Le vendredi 5 mai, dans le cadre de l’opération « Une saison avec le Louvre », la médiathèque Aimé-Césaire a organisé une visite guidée de la section « Arts de l’Islam » du musée.
400 salles, 38 000 œuvres, 10 millions de visiteurs par an : le Louvre est le plus grand musée du monde. Donc désolé, on ne pourra pas tout voir... » introduit le guide et archéologue Marouane Ouled Amor en accueillant les usager-ère-s de la médiathèque Aimé-Césaire dans une petite salle de présentation. C’est pour cela que la visite s’est concentrée sur la section « Arts de l’Islam ». « Aujourd’hui on va voyager ! » s’exclame le guide qui énumère différents pays influencés par la civilisation musulmane : Espagne, Maroc, Tunisie, Syrie, Iran, Inde, etc. Cela tombe bien car les habitant-e-s sont venus pour découvrir la richesse d’une culture diversifiée, à l’image de la Ville-Monde courneuvienne.

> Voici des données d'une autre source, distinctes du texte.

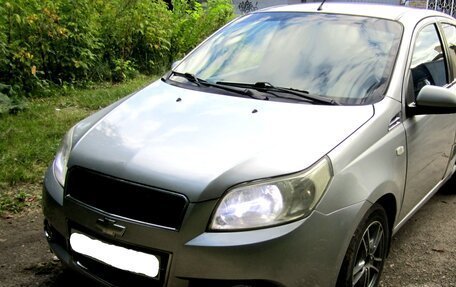 Chevrolet Aveo III, 2010 год, 295 000 рублей, 1 фотография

Œuvres diverses, influences plurielles
Guide, habitant-e-s et accompagnatrices de la médiathèque gagnent rapidement le pavillon Visconti, un bâtiment moderne aménagé dans une cour de l’ancien palais pour exposer les œuvres islamiques. D’emblée, la lumière qui pénètre par les grandes baies vitrées éblouit les visiteur-euse-s, ainsi que le plafond ondulé, en verre et métal, inspiré par les dunes de sable de l’Arabie. Un panneau indique que la construction de ce bâtiment a été permise grâce au mécénat des États du Maroc, du Koweït, d’Oman et d’Azerbaïdjan. À en donner le tournis, le pavillon regorge d’objets, de statues, de portes et fenêtres, de calligraphies, de sabres, de bols, de globes célestes, un ensemble d’œuvres qui témoignent d’influences culturelles croisées. Si l’inspiration commune est musulmane, rien d’uniforme dans l’expression artistique. Le guide explique que les premières œuvres du Louvre ont été acquises par les rois de France, tel ce bassin qui servait à baigner leurs enfants.

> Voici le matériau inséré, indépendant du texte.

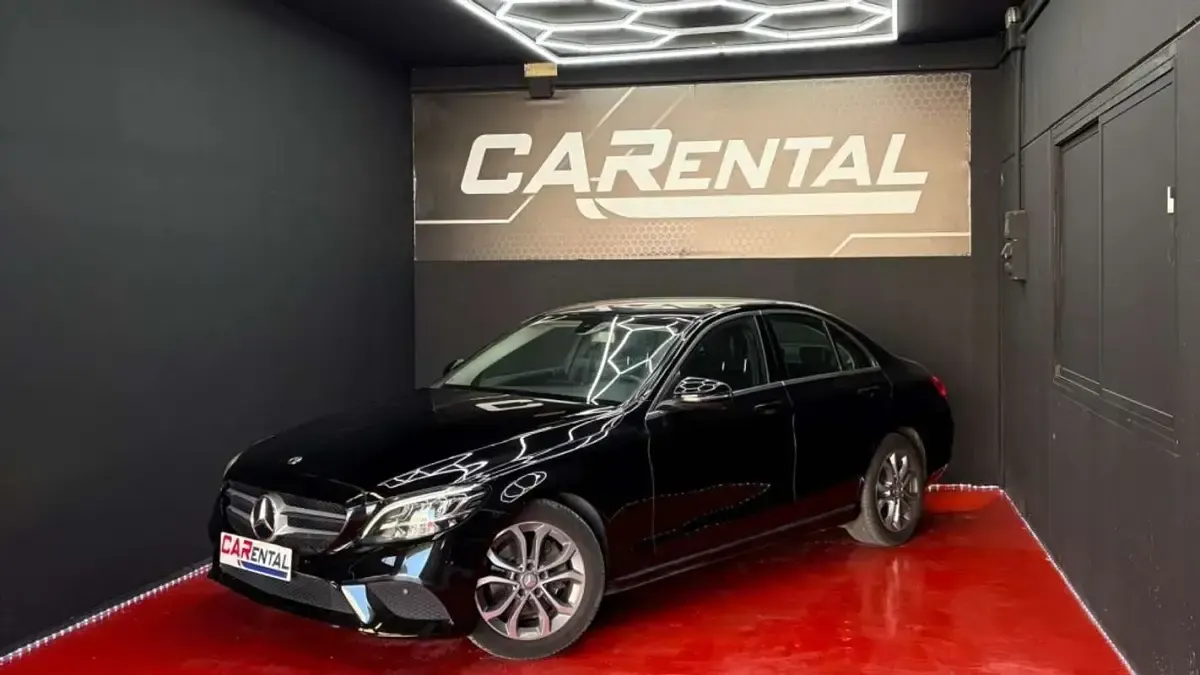 Usado Mercedes C200 150 CV (110 kW) 2018 Negro Berlina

Les visiteur-euse-s découvrent d’abord une statue provenant de l’Iran du XIIIe siècle. Surprise : la sculpture a été fabriquée par un Turc. Une fontaine en forme de lion a été réalisée à la même époque, mais dans l’al-Andalus, l’Espagne sous domination musulmane : quand on lui remuait la queue, de l’eau sortait par sa gueule. Un poignard magnifique, composé de jade, d’émeraude et d’or, a été trouvé en Inde et conçu par les Mogols. La pièce la plus ancienne est constituée de linteaux de porte du IXe siècle, issus d’un palais en Irak.
Le guide, à la fois érudit et pédagogue, s’emploie à expliquer le sens caché que recèlent certains objets. Ainsi, une boîte en ivoire de l’Espagne du Xe siècle, en représentant un tigre qui mange des gazelles, montre la volonté pour le calife de « manger » le royaume des Abbassides. Les calligraphies caractérisent tout particulièrement les arts islamiques. On en trouve en arabe, mais aussi en ourdou, en persan et en turc. Ces écritures se nichent parfois dans des motifs, comme dans les étoiles et les feuilles de cette porte d’Iran ou dans cette faïence de même origine. Elles s’inspirent de paroles du Prophète ou de poètes adorés comme le Persan Hafez (XIVe siècle). Une vidéo montre les mille et une manières de dessiner la phrase « Au nom de Dieu, le clément, le miséricordieux ». « Aujourd’hui, avec les smartphones, on a perdu la capacité de dessiner ce type de calligraphie », regrette le guide. Un poème issu du Livre des Rois est représenté, qui a plus de mille ans. « Regardez le monde autour de vous, ouvrez les yeux ! » conclut Marouane Ouled Amor, avant que la visite ne se termine.